### DATA EXTRACTS
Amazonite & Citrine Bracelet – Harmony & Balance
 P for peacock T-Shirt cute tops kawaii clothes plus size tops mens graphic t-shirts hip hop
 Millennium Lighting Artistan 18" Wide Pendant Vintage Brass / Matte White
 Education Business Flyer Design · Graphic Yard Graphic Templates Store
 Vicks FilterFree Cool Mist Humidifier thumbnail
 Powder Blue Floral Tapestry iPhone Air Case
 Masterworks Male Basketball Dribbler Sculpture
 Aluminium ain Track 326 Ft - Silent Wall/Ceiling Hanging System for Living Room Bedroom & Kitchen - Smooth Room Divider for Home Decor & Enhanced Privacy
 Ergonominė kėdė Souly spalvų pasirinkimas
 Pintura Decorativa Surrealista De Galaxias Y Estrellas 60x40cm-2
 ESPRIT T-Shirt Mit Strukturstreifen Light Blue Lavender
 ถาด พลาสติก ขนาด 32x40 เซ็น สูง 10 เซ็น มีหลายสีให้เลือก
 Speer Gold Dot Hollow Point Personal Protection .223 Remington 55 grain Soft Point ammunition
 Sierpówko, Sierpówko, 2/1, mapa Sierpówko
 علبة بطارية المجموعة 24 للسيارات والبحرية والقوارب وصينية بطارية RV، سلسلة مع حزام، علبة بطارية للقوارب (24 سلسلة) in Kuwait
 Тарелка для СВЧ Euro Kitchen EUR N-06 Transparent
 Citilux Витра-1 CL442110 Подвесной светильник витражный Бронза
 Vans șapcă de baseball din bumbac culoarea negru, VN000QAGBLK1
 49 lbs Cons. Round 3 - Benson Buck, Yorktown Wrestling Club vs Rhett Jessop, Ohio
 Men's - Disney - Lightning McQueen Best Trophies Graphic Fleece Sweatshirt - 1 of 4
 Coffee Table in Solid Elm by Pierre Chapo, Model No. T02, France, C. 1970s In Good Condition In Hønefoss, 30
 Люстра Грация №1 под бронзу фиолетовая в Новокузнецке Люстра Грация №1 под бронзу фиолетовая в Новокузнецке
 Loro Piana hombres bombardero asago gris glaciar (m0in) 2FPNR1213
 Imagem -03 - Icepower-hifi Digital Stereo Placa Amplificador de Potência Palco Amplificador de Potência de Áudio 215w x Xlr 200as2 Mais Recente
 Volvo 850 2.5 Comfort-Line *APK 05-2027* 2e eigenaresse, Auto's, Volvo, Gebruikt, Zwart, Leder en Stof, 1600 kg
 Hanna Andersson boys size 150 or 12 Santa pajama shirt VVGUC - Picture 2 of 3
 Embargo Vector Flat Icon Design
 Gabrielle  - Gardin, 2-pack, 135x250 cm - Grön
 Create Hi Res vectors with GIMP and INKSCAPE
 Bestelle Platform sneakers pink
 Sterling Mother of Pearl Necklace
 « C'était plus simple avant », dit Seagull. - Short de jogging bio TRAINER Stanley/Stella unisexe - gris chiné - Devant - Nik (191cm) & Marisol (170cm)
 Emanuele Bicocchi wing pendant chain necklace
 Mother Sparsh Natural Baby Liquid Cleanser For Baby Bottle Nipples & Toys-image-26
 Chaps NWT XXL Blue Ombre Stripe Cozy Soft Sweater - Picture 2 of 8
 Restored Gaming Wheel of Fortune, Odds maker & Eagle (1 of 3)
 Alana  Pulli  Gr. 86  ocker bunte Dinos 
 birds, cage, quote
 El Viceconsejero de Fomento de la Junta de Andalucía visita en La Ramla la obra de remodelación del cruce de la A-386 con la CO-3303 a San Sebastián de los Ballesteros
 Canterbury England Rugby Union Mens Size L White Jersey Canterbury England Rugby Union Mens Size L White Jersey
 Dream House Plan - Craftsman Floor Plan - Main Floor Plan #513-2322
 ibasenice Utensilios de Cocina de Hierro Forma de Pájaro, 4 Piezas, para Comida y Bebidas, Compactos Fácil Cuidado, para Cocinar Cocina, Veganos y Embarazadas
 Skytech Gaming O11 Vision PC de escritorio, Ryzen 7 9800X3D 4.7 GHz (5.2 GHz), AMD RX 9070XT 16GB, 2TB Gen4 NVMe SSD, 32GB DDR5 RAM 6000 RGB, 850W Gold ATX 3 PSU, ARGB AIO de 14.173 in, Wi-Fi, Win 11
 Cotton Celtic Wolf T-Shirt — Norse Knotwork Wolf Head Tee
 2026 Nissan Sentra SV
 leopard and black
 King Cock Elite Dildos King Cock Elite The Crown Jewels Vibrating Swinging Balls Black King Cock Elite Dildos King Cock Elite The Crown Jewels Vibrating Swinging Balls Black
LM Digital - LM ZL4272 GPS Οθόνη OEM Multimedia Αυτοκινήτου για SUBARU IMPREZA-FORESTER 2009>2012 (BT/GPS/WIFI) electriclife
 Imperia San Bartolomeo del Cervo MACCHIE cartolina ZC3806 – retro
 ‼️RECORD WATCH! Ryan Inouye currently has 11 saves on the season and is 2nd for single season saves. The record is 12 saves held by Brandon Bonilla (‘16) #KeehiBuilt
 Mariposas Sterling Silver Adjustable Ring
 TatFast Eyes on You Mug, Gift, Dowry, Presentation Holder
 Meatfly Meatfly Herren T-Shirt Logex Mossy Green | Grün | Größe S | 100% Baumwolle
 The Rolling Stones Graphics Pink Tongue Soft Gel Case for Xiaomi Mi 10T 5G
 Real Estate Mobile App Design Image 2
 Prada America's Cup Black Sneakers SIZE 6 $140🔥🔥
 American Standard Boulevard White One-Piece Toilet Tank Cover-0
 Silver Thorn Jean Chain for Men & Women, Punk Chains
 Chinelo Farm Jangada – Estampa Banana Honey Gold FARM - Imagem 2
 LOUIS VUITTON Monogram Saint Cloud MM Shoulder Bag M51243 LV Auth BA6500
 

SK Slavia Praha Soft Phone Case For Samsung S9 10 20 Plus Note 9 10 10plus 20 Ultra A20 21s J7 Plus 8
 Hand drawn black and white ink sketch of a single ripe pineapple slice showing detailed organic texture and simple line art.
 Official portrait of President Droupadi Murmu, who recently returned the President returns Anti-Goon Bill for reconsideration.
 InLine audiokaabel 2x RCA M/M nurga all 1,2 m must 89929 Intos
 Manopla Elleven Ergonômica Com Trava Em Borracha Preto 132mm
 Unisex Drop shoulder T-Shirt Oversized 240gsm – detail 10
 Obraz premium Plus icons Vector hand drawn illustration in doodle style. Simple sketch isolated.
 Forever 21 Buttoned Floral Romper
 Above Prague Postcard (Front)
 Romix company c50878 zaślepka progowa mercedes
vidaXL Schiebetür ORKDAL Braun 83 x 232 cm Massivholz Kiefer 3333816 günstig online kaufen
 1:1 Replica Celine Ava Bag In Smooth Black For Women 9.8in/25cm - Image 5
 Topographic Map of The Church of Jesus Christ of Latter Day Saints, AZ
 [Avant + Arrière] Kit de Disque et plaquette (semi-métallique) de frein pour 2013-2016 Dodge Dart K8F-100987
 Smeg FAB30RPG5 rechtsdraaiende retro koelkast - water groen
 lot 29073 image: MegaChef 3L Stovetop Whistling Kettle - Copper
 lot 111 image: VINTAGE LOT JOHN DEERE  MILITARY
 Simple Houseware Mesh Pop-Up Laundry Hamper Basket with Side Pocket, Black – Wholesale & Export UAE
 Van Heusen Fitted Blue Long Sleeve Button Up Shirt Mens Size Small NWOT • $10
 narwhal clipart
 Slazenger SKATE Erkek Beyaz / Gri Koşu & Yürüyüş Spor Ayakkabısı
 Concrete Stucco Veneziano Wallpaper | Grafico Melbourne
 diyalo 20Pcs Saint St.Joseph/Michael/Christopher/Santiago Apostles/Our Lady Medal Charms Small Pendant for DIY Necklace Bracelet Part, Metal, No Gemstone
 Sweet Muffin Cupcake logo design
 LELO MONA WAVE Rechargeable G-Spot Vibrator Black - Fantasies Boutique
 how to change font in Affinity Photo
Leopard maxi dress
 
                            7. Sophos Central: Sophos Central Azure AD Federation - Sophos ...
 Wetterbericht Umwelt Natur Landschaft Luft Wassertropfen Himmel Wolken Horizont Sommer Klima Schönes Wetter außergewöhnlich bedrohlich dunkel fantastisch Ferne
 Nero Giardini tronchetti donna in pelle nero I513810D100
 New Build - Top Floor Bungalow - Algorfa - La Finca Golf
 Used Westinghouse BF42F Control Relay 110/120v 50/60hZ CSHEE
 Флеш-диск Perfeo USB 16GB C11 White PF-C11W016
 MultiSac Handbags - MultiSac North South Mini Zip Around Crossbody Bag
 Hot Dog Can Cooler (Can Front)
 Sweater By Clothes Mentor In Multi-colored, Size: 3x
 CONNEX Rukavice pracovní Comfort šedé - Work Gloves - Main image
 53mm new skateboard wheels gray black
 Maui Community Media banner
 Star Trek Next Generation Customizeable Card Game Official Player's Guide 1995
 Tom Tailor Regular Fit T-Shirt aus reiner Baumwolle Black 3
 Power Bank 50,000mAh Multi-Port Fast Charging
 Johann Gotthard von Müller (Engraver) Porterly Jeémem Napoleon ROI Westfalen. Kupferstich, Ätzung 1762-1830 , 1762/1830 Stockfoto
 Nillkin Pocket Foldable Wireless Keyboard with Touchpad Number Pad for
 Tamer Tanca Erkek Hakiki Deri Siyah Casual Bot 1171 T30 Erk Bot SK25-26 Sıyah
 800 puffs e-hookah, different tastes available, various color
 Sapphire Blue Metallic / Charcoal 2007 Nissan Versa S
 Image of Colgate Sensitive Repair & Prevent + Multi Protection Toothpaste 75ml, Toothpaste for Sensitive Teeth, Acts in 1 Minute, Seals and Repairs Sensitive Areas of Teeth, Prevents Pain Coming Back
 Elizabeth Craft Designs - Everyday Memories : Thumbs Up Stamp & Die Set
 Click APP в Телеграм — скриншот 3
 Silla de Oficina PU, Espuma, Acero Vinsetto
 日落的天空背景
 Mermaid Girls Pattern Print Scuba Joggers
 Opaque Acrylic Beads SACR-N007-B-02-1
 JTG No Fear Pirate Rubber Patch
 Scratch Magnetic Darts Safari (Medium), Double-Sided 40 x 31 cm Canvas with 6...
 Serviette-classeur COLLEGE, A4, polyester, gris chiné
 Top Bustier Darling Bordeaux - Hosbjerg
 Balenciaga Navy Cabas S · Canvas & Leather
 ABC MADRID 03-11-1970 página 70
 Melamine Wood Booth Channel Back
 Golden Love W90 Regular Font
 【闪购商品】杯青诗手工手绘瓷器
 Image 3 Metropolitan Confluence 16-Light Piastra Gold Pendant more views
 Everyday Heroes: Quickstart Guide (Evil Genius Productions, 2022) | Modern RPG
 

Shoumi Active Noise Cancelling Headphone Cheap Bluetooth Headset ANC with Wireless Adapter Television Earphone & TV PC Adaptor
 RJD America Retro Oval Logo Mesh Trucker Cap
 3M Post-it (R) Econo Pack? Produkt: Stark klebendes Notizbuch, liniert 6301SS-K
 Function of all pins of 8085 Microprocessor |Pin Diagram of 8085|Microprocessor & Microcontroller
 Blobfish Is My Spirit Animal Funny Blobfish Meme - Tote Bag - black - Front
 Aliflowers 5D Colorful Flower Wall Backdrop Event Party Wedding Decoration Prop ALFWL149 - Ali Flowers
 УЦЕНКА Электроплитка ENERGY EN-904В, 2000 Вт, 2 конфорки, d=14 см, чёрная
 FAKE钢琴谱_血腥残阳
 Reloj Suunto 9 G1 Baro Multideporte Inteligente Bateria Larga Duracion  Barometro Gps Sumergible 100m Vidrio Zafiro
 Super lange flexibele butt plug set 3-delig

### EXERCISE PROMPT
Transcribe the records above from the line holding "CONNEX Rukavice pracovní" down to the line holding "Power Bank 50,000mAh", inclusive, without adding anything.

### YOUR SOLUTION
 CONNEX Rukavice pracovní Comfort šedé - Work Gloves - Main image
 53mm new skateboard wheels gray black
 Maui Community Media banner
 Star Trek Next Generation Customizeable Card Game Official Player's Guide 1995
 Tom Tailor Regular Fit T-Shirt aus reiner Baumwolle Black 3
 Power Bank 50,000mAh Multi-Port Fast Charging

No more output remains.